We could classify these as “experimental documentaries,” but they don’t have much of what anybody thinks of when they think of documentaries. No interviews, no narration, no onscreen text, no people talking at all. No storyline or argument made. No easily encapsulated subject or premise. Just themes.
They’re like cinematic paintings, or photo essays, or poems. They rhyme by having similar shots and images over and over again, all set to very repetitive (in a good way) scores by Philip Glass.
KOYAANISQATSI focused on industrialization, lots of time lapse shots of factories, highway systems, foot traffic in crowded cities, humanity and machinery mimicking each other, bleeding into each other. POWAQQATSI is kind of the opposite. It starts in muddy valleys, dirt roads, puebloes, and it’s almost entirely in slow motion. For a while I wondered if the many pans across landscapes and buildings were slo-mo, because if so it might be 100% slowed down. But toward the end the spell is broken when there are some hectic, sped-up shots – a train P.O.V. for example – as technology intrudes on their lives.

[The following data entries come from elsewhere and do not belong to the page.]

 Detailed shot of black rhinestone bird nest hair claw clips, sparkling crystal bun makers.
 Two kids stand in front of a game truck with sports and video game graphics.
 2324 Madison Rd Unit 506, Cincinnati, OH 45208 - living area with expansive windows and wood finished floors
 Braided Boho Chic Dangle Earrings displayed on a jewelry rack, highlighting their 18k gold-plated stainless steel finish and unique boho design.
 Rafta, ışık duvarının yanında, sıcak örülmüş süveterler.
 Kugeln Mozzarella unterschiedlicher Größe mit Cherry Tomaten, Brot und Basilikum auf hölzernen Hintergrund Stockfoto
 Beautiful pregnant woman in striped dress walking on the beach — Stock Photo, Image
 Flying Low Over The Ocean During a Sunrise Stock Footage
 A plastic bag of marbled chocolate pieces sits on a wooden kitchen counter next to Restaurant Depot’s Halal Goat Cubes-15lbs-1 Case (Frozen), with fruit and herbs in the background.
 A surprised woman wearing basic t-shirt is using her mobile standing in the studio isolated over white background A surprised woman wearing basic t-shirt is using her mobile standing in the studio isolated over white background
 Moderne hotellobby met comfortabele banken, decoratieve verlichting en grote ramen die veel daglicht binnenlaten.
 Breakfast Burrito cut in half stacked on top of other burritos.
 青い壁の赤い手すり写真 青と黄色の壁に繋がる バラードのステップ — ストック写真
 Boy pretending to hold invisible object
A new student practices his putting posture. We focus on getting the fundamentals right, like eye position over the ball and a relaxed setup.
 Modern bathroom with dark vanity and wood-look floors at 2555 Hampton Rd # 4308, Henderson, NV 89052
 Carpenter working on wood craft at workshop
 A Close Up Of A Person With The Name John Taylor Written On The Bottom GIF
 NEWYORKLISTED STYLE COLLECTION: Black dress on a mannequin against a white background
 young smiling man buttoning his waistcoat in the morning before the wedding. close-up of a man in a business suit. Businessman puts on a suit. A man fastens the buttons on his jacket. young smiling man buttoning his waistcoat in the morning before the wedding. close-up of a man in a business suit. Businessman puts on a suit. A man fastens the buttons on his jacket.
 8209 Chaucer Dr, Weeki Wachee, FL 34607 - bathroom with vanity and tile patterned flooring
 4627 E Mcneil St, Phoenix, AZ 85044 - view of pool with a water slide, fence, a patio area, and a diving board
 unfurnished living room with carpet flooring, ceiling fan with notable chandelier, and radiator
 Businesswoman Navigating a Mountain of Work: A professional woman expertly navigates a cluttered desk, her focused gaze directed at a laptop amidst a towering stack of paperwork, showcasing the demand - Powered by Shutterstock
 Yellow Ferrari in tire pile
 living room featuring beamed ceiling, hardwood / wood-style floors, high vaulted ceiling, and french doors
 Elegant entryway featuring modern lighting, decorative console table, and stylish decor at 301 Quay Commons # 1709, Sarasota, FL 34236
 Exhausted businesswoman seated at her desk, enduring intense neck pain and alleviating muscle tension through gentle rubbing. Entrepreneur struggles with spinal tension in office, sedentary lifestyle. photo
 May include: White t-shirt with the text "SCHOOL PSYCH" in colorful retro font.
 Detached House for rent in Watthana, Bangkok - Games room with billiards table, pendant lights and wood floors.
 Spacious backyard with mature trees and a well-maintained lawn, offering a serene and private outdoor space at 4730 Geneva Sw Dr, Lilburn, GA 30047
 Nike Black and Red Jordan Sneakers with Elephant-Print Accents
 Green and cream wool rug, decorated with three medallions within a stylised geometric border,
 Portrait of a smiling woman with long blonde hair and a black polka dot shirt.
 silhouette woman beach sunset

The long opening scene is just about a bunch of people carrying bags of what I thought was maybe grain or something up a steep, muddy wall. Looks like a pain in the ass. The imagery documents hardship and celebrates culture in various parts of South America and Asia. Reggio likes to do portraits of regular people. Extreme closeups or slow pans across serious, hardened faces, weathered elders, kids with their ribs showing. In slow motion, with that music, people just walking becomes epic. There is labor and squalor, but also dancing, parades, colorful costumes.
Since there are no explanations, and sudden changes of location, the cultures sort of blend together. They become an otherworldly every-people, a reminder of how much of the world I have no conception of, but also a unifying force, a vision of how much people have in common throughout the world.
Almost halfway through there’s a jarring montage of TV imagery, phony whitebread advertisements evolving into similar commercial propaganda for Asia, South America, even Russia I believe as the world becomes increasingly westernized and colonized by mass produced and marketed consumer products. And for the rest of the movie the imagery will be more and more invaded by airplanes, trucks, billboards, monolithic buildings and growing population.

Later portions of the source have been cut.